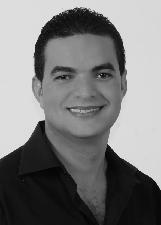 Foto de RODRIGO RODRIGUES DIAS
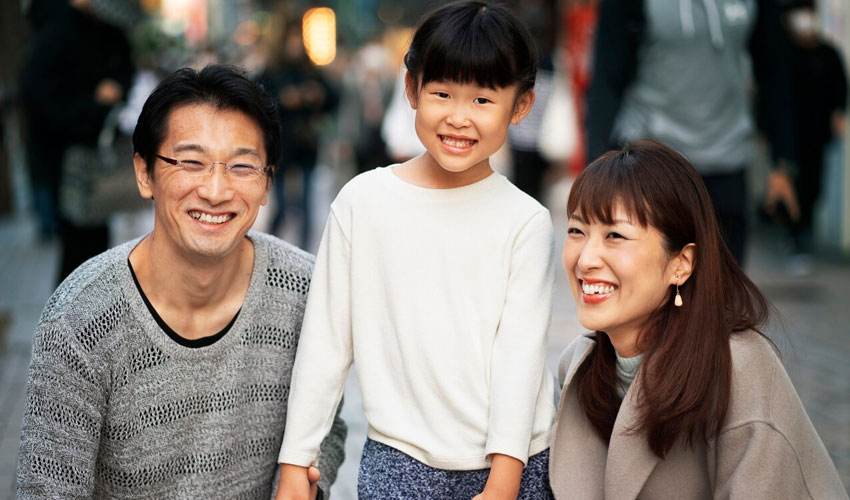 toronto Travel  insurance-Connect Insurance 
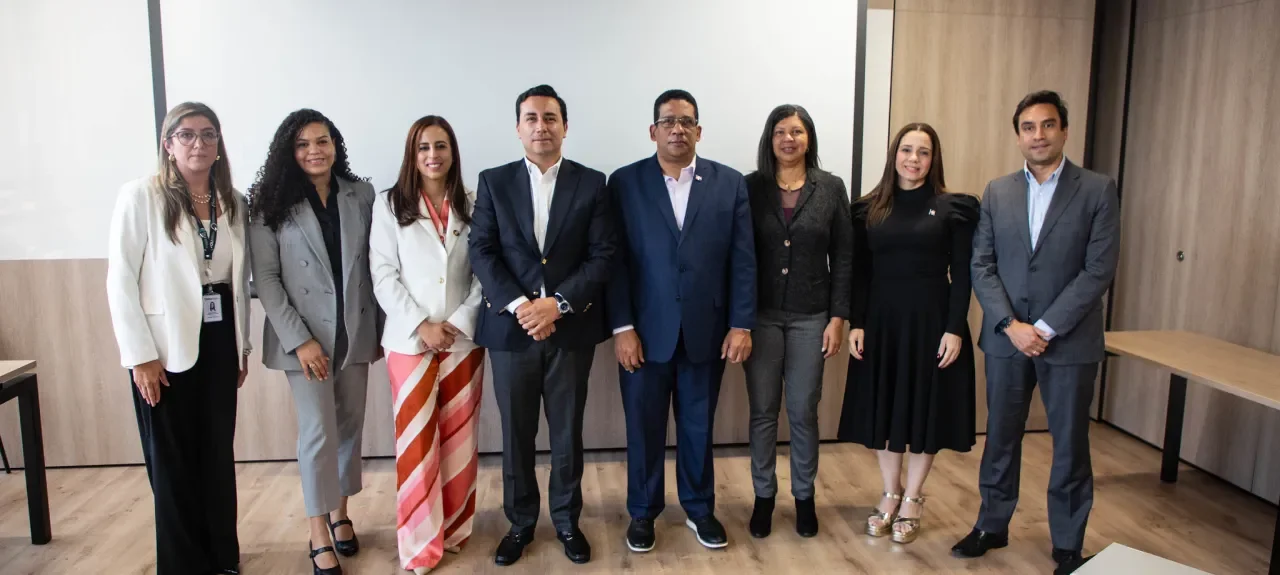 Carlos Pimentel Florenzán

+ + + + + + +

*DESCRIPTION OF THE TASK*. Write the lines above out again exactly, without any of their pictures.

*TASK OUTPUT*.
 Foto de RODRIGO RODRIGUES DIAS
 toronto Travel  insurance-Connect Insurance 
 Carlos Pimentel Florenzán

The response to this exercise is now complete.